Рядом со мной кто-то сказал несколько слов на хинди. Я перевела взгляд и увидела старика, худого и почти обнажённого. Он сидел в стороне от костров и, как и я, смотрел на них с благоговением. Его тело прикрывала только грязная тряпка, обмотанная вокруг бёдер. На голове и плечах оседал пепел. У него не было никаких вещей, вообще ничего. Он жил на этой набережной и каждый день наблюдал за сотнями погребальных костров. Он спал, ел, встречал приливы, пребывал в ужасающей бедности, но при этом был абсолютно счастлив. Он был свободен, хоть и владел… Ничем.
Как это — обладать ничем? Освобождает это или даёт неподъёмную тяжесть?
Тогда я не знала, что скоро и мне придётся получить урок Вселенной с полным обнулением. Окунуться в него с головой. Через несколько лет у меня заберут абсолютно всё, даже имя.

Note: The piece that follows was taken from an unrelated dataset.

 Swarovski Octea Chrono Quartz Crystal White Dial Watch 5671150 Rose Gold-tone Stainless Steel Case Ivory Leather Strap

Но сейчас я смотрела на Ганг и впитывала новые знания, ощущения, открытия. Эта река была одновременно и священная, и грязная. Осознав это, я вдруг остро почувствовала связь с Алексом. Находясь в тотальной любви, я перестала оценивать и осуждать его. Он был конченым человеком, но самым любимым. Я не выбирала его любить. Это было даровано свыше. После моего опыта в Варанаси тогда я перестала видеть монгольский сон.
В НЛП есть такая техника — диссоциации. Она основана на том, что ты как будто отстраиваешься от реальности: представляешь, что смотришь фильм о том, что с тобой происходит. А потом — фильм о том, как смотришь фильм. И так всё дальше и дальше. Подумав об Алексе, я словно улетела. Из этого места, из своего тела, из мира.
Я вдруг ощутила, как вращается Земля. Люди умирают, просыпаются, рождаются, влюбляются, договариваются, тонут, спасаются, становятся президентами, теряют посты, пишут книги, читают… Я всё это увидела разом. А потом перевела взгляд на огонь, и остался только он.
Вдруг я оказалась в прошлом. В том моменте, когда мы с Алексом дали друг другу наши тайные имена: Банджики и Анджики.